Don’t decide one failure or mistake blows the whole wad, because while you might think you’re being too hard on yourself, you’re actually not. You’re letting yourself off the hook by trading in your goal for a few minutes of guilt. That’s actually a pretty good deal for your brain, even though your brain will try to convince you that you’ve really got it hard while it kicks back with a six-pack of Guilt City Beer and then grabs the remote for a comforting day of Animaniacs reruns — which you’ve earned, on account of all that guilt!

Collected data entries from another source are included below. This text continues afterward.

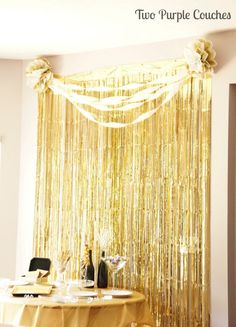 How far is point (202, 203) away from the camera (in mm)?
4641

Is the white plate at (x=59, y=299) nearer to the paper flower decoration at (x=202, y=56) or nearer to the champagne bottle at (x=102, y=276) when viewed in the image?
the champagne bottle at (x=102, y=276)

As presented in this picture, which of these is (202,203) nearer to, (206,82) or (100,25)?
(206,82)

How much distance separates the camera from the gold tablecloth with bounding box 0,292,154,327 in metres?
3.77

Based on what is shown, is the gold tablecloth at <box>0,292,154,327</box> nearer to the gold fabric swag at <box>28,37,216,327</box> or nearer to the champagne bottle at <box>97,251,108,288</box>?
the champagne bottle at <box>97,251,108,288</box>

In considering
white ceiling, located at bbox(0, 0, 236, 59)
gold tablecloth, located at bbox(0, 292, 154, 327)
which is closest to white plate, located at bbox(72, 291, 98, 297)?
gold tablecloth, located at bbox(0, 292, 154, 327)

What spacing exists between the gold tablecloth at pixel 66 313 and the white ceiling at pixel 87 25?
6.42 ft

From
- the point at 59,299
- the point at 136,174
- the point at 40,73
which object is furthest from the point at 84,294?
the point at 40,73

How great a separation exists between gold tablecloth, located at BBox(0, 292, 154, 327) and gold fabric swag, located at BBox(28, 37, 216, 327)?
80cm

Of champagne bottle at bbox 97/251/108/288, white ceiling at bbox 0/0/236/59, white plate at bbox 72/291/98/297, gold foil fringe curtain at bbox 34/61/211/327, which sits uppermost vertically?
white ceiling at bbox 0/0/236/59

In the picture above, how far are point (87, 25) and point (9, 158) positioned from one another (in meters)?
1.51

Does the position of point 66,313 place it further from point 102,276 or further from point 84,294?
point 102,276

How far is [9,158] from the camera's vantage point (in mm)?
5543

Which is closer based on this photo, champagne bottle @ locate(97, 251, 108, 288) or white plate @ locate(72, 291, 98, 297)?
white plate @ locate(72, 291, 98, 297)

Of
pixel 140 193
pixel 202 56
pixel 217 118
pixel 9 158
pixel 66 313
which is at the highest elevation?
pixel 202 56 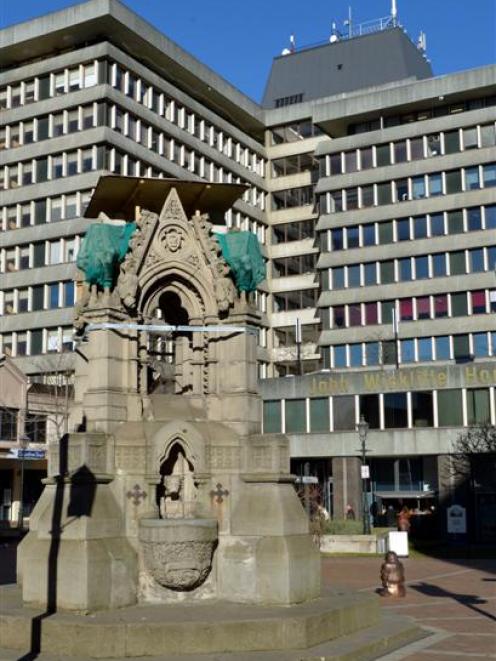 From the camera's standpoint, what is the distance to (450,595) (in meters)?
A: 24.8

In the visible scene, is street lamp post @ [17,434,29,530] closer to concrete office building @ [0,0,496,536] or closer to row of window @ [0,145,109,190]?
concrete office building @ [0,0,496,536]

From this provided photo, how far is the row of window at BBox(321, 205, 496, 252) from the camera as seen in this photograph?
75625mm

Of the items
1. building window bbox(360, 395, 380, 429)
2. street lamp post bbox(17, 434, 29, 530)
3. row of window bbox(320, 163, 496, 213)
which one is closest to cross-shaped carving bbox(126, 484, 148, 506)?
street lamp post bbox(17, 434, 29, 530)

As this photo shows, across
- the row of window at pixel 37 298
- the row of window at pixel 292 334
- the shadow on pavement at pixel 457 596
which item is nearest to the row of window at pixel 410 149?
the row of window at pixel 292 334

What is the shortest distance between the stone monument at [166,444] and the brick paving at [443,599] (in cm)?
264

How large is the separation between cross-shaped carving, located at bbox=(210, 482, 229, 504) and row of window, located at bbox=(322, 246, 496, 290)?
197ft

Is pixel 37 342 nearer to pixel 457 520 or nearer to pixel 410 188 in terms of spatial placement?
pixel 410 188

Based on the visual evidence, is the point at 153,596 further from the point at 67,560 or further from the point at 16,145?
the point at 16,145

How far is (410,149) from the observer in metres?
80.2

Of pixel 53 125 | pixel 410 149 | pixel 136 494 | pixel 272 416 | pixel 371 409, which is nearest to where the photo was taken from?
pixel 136 494

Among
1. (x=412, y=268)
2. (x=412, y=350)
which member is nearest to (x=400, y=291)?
(x=412, y=268)

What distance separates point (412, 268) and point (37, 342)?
29.7 metres

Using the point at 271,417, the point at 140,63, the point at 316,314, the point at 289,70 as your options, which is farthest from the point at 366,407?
the point at 289,70

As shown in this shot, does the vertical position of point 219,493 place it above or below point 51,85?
below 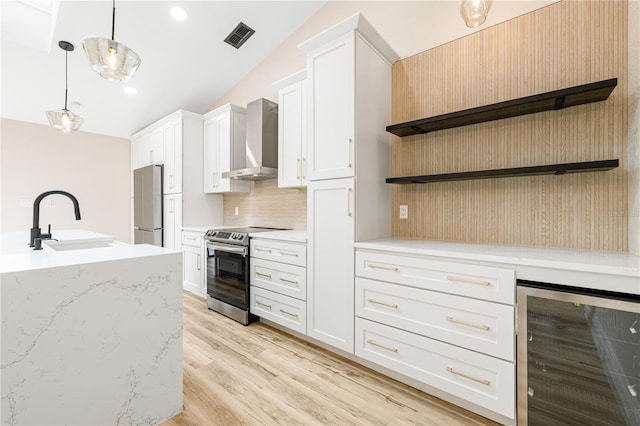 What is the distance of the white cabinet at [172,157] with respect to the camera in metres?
4.03

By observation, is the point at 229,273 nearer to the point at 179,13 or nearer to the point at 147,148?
the point at 179,13

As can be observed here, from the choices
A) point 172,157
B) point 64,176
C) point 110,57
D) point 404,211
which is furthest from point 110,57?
point 64,176

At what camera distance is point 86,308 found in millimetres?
1262

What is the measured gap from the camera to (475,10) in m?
1.57

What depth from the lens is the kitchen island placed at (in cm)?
112

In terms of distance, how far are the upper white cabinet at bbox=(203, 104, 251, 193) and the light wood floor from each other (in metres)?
2.10

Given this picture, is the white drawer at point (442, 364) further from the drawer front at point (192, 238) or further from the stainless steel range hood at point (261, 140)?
the drawer front at point (192, 238)

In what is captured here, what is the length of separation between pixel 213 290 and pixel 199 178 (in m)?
1.78

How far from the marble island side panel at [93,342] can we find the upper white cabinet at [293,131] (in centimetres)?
165

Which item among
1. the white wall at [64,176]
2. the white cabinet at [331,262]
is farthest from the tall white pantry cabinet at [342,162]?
the white wall at [64,176]

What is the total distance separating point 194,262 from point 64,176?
9.58 ft

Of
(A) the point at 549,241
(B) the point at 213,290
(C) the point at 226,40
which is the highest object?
(C) the point at 226,40

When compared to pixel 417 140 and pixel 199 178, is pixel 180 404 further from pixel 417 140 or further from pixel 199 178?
pixel 199 178

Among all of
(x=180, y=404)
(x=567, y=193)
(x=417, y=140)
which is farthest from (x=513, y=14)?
(x=180, y=404) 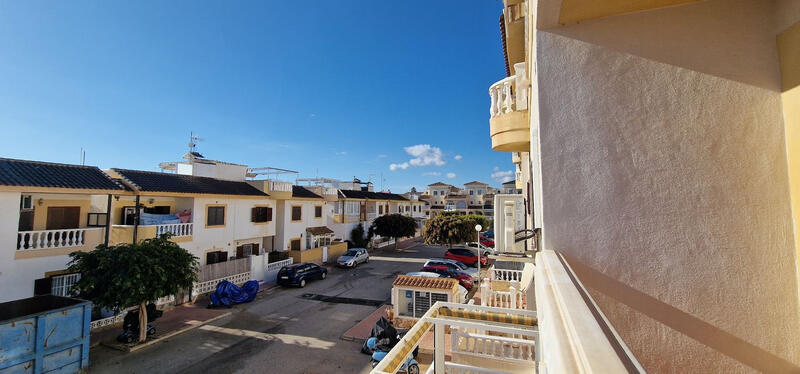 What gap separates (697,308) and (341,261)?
919 inches

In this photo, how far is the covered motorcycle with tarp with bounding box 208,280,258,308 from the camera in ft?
50.3

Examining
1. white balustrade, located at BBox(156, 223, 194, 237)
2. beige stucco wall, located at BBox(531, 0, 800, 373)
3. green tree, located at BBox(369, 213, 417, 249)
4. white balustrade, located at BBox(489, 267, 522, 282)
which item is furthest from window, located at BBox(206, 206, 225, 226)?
beige stucco wall, located at BBox(531, 0, 800, 373)

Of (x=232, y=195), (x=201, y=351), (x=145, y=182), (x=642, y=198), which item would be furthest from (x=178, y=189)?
(x=642, y=198)

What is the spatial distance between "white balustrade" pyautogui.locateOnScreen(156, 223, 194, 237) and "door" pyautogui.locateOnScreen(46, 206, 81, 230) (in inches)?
118

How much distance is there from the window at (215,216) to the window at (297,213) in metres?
5.76

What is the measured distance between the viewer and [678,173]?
2.66 metres

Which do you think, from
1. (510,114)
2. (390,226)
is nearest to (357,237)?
(390,226)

This is a cycle that’s incredibly easy to fall into, which is why it’s so important to recognize and avoid it. Slap that can of Guilt City out of your brain’s hand, and then go see the doctor, because if your brain has hands there’s probably some depleted uranium in your house.

Why did you start this?

Resolutions have a sneaky way of sapping the fun out of goals. Ostensibly, you set a goal because it’s something you want to do. But resolve that goal, and suddenly it’s something you have to do. Resentment sets in and starts poisoning the process. Soon you start looking at that thing that you wanted to do and think oh shit, I’d better do this or I am a wretched husk of a human being without the motivation God gave an eggplant. Yes, very inspirational, you’re sure to do it now!

Instead, consider taking some time to examine your goals and decide if they’re really something you want to achieve. A lot can happen in a year, and goals don’t always need to be immutable — in fact, they probably shouldn’t be. Keep your eye on the prize and remember why you wanted that prize in the first place — otherwise, why are you bothering?

And there you have it. Now, when New Year’s rolls around in a few days, you’ll be armed with the wisdom to resolve the crap out of some goals. Now, if you’ll excuse me, I have to go pick up some peanut butter crackers.